Will try to get it out of storage tomorrow & get some good pics.


----------



## Moose (Dec 12, 2014)




----------



## Moose (Dec 12, 2014)

*Pierce*

Please bear in mind that the purpose of my original post was to get some idea as to the value of this wonderful piece of history. I have had some questions related to how much I am asking for it and interest in purchasing it. I am sure that someone who is interested in buying it would not necessarily give me an accurate estimate of its value!


----------



## fordmike65 (Dec 12, 2014)

Wow! Amazing piece! Dual suspension!


----------



## npence (Dec 12, 2014)

I would be interested in buying this bike if it comes up for sale. 

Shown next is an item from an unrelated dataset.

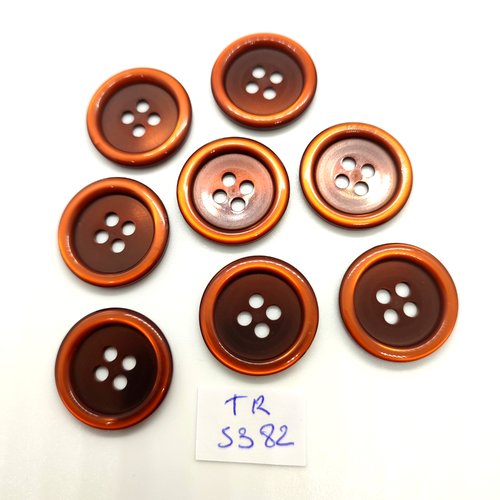 8 boutons en résine marron - 23mm - tr5382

Sent from my iPhone using Tapatalk


----------



## bricycle (Dec 12, 2014)

I would be interested in adopting and keeping, not reselling this bike and giving it tender loving care, while hugging, carressing, kissing and loving it.


----------



## filmonger (Dec 12, 2014)

I have to admit - I would like to buy it tooo!  Let me know when it is on sale. Not so sure that I would kiss the bike without knowing it first.


----------



## Obi-Wan Schwinnobi (Dec 12, 2014)

filmonger said:


> I have to admit - I would like to buy it tooo!  Let me know when it is on sale. Not so sure that I would kiss the bike without knowing it first.

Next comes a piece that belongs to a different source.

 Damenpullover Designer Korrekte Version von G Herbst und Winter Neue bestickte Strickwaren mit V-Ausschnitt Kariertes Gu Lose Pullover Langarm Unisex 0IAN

Well,  send it to me first so I can pack it right to ship off to you. ...may take a year to pack properly though


----------



## Freqman1 (Dec 12, 2014)

I own the chain drive version of this bike. I would say 1902-08. I catch grief on here just about every time I offer an opinion on price so I would say list it on Ebay with a $3k start and go from there. V/r Shawn


----------



## bike (Dec 12, 2014)

I recently saw an ad claiming Pierce was the most successful at selling HYGENIC suspension bikes -longest time and most numbers- so not a really "rare" bike- BUT the name is legend and the bike mechanically interesting so....whatever 2 people can agree on (above scrap) is what it is worth...

I could probably get more than you could bercause I have been doing this for a long time and know how to place it- or you may just get lucky...what _is_ the value??!!

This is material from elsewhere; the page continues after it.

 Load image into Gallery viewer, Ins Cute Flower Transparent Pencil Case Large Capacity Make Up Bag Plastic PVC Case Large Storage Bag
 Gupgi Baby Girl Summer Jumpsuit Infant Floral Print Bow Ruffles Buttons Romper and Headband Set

(who has a Pierce bird cage or icebox?)


trixadexaphobia -ugh!


----------



## wasp3245 (Dec 12, 2014)

nice Pierce.....   
when in Buffalo stop in  Pierce Arrow museum...they also have a collection of many Buffalo bicycles including Pierce....

http://www.pierce-arrow.com/





nice photo of a 1902 Pierce bicycle shop in Brooklyn ...great hanging sign 

Cheers Carey


----------



## Moose (Dec 13, 2014)

I guess I'm working with only one training wheel!  I sure as heck did not mean to post 3 of the same picture.  But without any instructions for posting pictures I guess I should be thankful for what I did get!


----------



## OHcaptain (Dec 13, 2014)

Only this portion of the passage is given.